I’m training for the California International Marathon. It’s on Dec. 4.

I’ve spent most of the past six months training for it. I’m starting to significantly ramp up my mileage here in a couple weeks. And I have a sense of dread when I think about running it.

I’m scared. I don’t know if I’ll finish. Some training days I don’t even know if I’ll start. That’s kind of scary.

So I signed up for the New Year’s Eve run to take my mind off the impending doom feeling of my first marathon. There was something to look forward to then at the end of the year. Plus I never make plans for New Year’s Eve, ever.

My husband usually hangs out with a friend. I stay home. I’m kind of lame like that.

So I got really excited because I got to run 13.1 (which I know now I can handle) AND I got to party afterward. I even had my dress and shoes picked out for the party. So I’m bummed. I’m bummed I don’t get to run and I’m bummed I basically now don’t have plans for New Year’s Eve.

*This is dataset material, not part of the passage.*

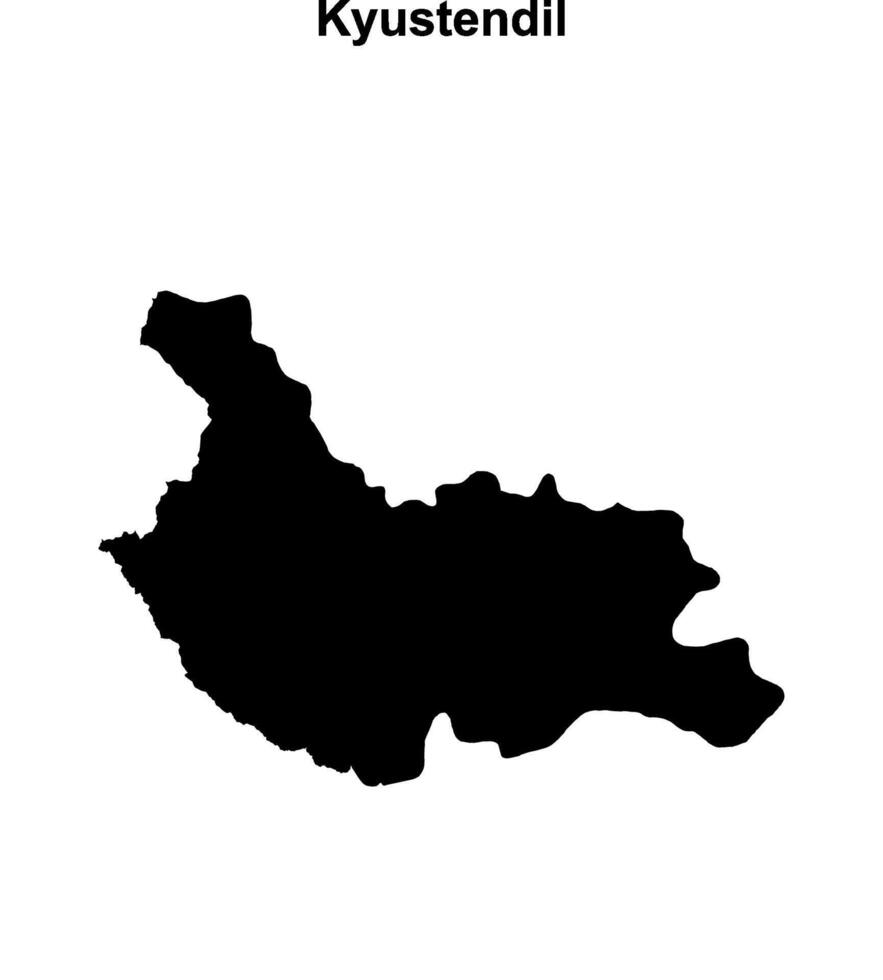 Kyustendil province blank outline map vector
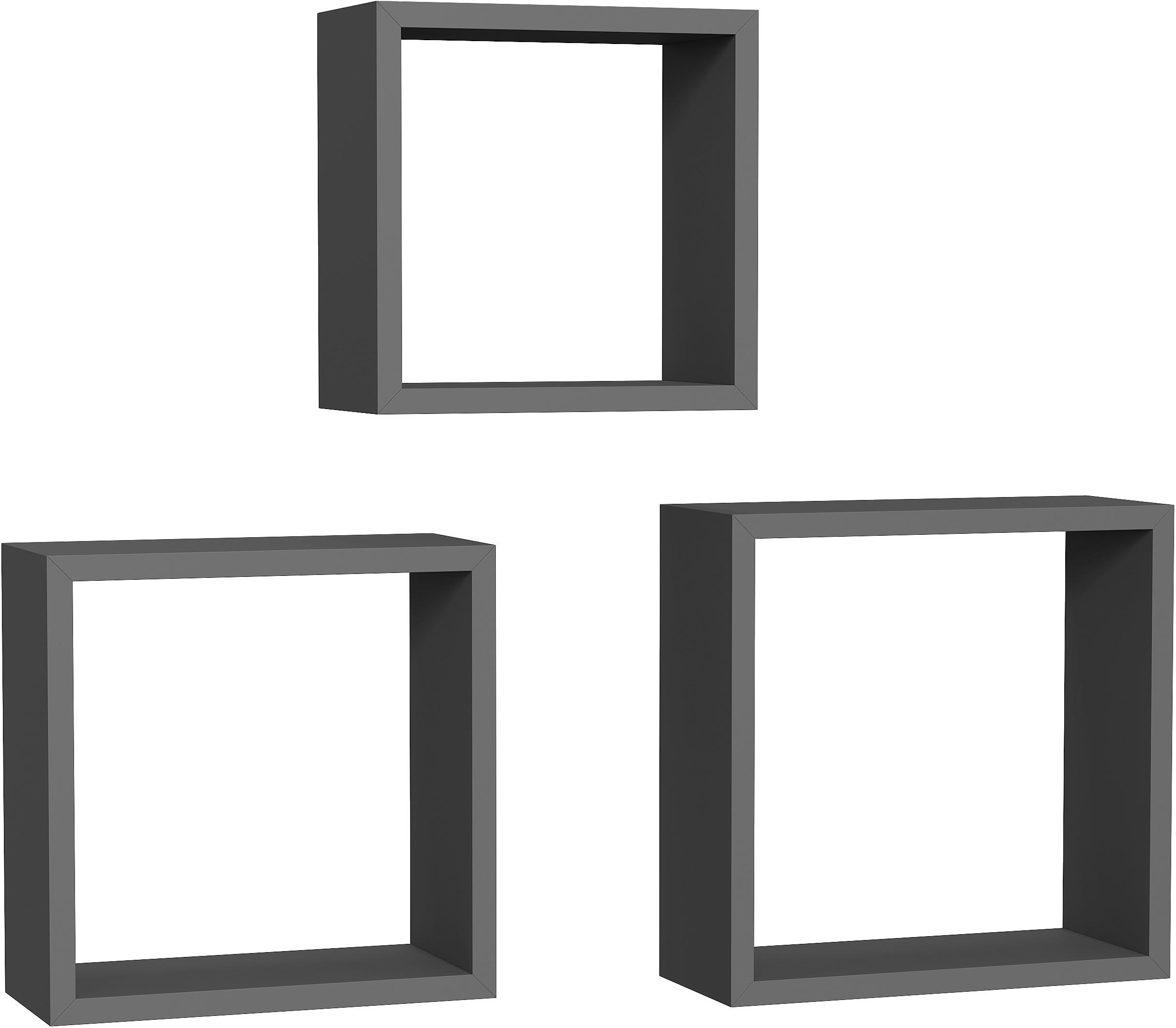 Wandregale Simple B: 30 cm Anthrazit 3-teilig - MODERN, Holzwerkstoff/Kunststoff (30-27-24/30-27-24/12cm)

I’m not sure if it’s an omen either because I’m running the Rock ‘n’ Roll San Jose half marathon this weekend. I’m supposed to do race packet pickup on Saturday and run on Sunday. Sam was going to sign up this weekend. She was even going to inquire about a place to stay down there this weekend.

This is way different than the email I got a couple weeks ago with really good news. That one told me I was now a member of Team Somersaults for the Nike Women’s Half Marathon. (I’m hoping to write a WHOLE lot about that later.) That was a great email. This one not so much.

I know there are other races to enter around that time. I also know that I can do something else. But with everything I’ve dedicated to running in the last year, I thought it would be fun to ring out 2012 on a running note. Too bad.